**** Exercise data ****

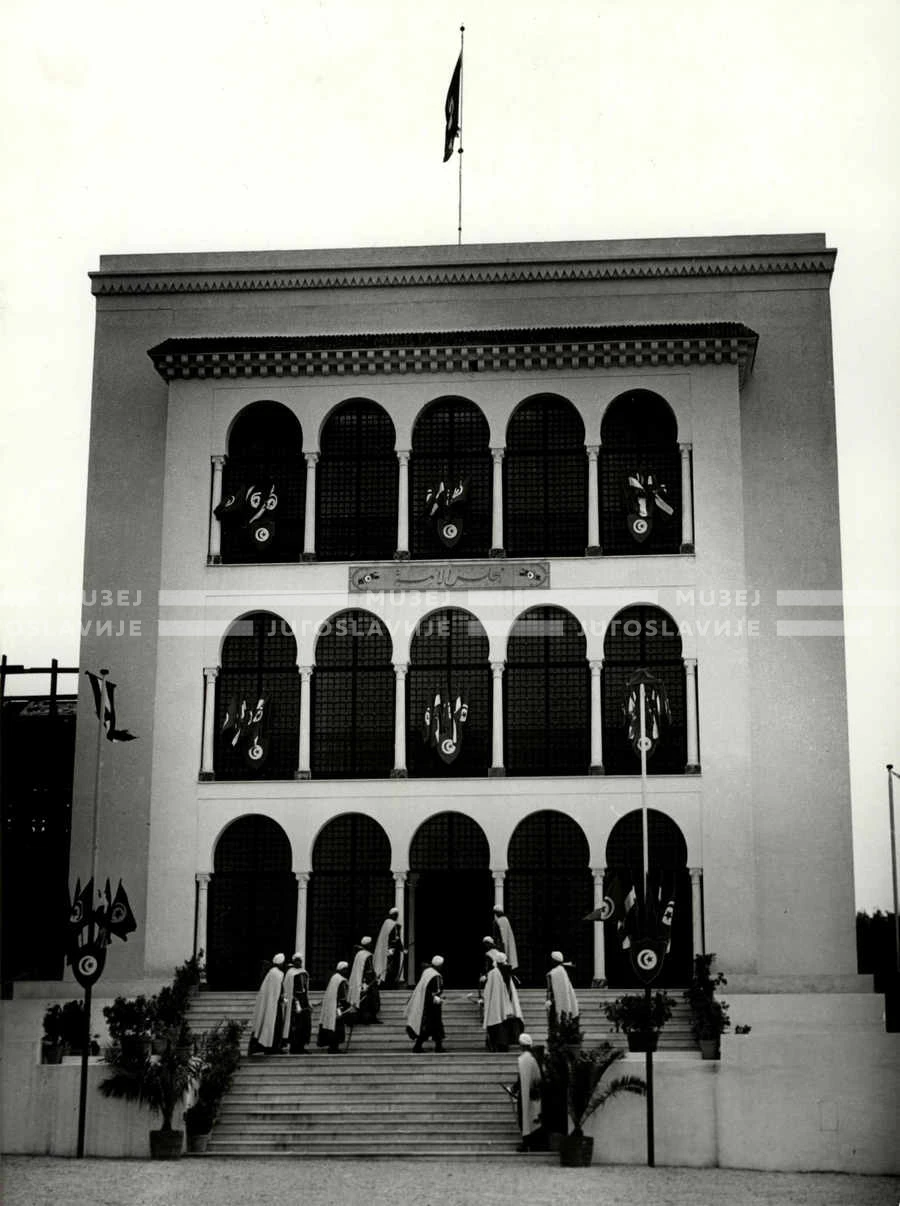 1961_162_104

****
**** Exercise data ****

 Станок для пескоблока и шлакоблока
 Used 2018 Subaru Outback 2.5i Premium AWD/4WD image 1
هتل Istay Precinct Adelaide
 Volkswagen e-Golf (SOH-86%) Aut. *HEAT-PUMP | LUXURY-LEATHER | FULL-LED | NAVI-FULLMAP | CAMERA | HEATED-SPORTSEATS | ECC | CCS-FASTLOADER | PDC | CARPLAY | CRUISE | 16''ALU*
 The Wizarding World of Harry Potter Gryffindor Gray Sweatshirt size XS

****
**** Exercise data ****

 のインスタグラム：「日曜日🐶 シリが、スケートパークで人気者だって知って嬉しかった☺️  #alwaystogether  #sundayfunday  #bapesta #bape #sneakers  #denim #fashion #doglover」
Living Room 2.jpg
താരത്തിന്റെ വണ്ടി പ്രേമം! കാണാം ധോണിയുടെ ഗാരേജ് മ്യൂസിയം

****

Problem statement:
In the listing above, find the line with "هتل Istay Precinct Adelaide" and the line with "The Wizarding World", then print exactly those two lines and every line between them, and nothing more.

Exercise solution:
هتل Istay Precinct Adelaide
 Volkswagen e-Golf (SOH-86%) Aut. *HEAT-PUMP | LUXURY-LEATHER | FULL-LED | NAVI-FULLMAP | CAMERA | HEATED-SPORTSEATS | ECC | CCS-FASTLOADER | PDC | CARPLAY | CRUISE | 16''ALU*
 The Wizarding World of Harry Potter Gryffindor Gray Sweatshirt size XS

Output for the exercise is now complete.